Потому что он диктатор, и я уже не могла справиться с его сумасшедшими расписаниями репетиций. На гастролях, к примеру, мы прибываем в страну, где надо петь, в 11 часов. Пятью часами позже мы должны вынести репетицию в полный голос. И в тот же вечер исполнить оперу – такую, скажем, непростую, как “Аида”. Более того, во время гастролей Киров-Оперы спектакли идут буквально каждый вечер и певцы обязаны всё время петь различные роли. Вполне очевидно, подобное сумасшедшее расписание может разрушить ваш голос в один момент. А ещё – если этого недостаточно – нам платят очень скудно. За исполнение ведущей роли вы получите в пределах 500 долларов. С Гергиевым никто не получит ни “спасибо”, ни денег, ни славы – вот что подразумевает работа с ним. Он обращается с нами, как с русскими рабами. Сказать вам правду, Гергиев даже не понимает голоса, и не способен определять их качество. Он просто пользуется ими, чтобы упрочить свою международную известность, продвинуть свою карьеру.
Дирижёры вроде него, которые не любят голоса, должны заниматься только инструментальной музыкой. Он использовал меня – так же, как использовал Чернова, Лейферкуса, Прокину, а после всего просто дал нам пинка. Гергиев – это монстр. Скоро все осознают, как он ужасен.
Как вы себя чувствуете после того, как оставили Мариинский?
Одиноко.

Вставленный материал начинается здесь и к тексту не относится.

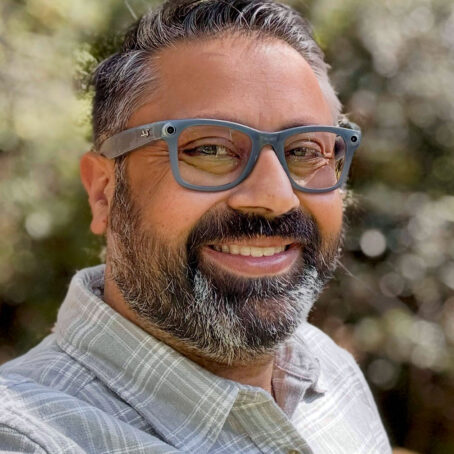 Rahul Kumar Headshot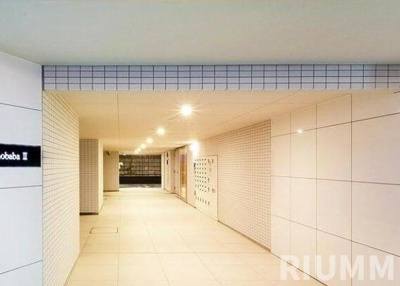 【ロビー】 | ドムス・スタイル高田馬場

Я не способна найти режиссёра, дирижёра, хоть кого-то, кто бы любил меня – мою личность, моё пение, моё актёрское мастерство. Меня никто не поддерживает, включая моих импресарио – откровенно опечаленная, бормочет она между вздохами.
А публика? Она тоже вас оставила?
К счастью, нет. Публика наиболее ко мне великодушна. Её реакция напоминает извержение вулкана. Но как бы то ни было, после спектакля я не получаю приглашения ещё раз вернуться туда, где я была принята публикой так тепло. Например, я никогда не выступала в лиссабонском театре “Сан Карло”. И этот недостаток приглашений вовсе не является следствием каких-то капризных запросов с моей стороны. Я не запрашиваю высоких гонораров, и не настаиваю на каких-то роскошных условиях размещения. Я думаю, винить надо моих агентов-импресарио, кто недостаточно хорошо для меня работал. У них такая иерархия существует: первого класса артисты, второго, третьего… Подозреваю, что я где-то во втором или третьем классе.
Возвращаясь к публике, что вы ожидаете от посетителей театра?
Я хочу, чтобы они любили меня, внимательно слушали и аплодировали, потому что я вс сделала для них. Я всю свою жизнь посвятила им и стараюсь отдать себя, все лучшие свои способности публике на каждом спектакле.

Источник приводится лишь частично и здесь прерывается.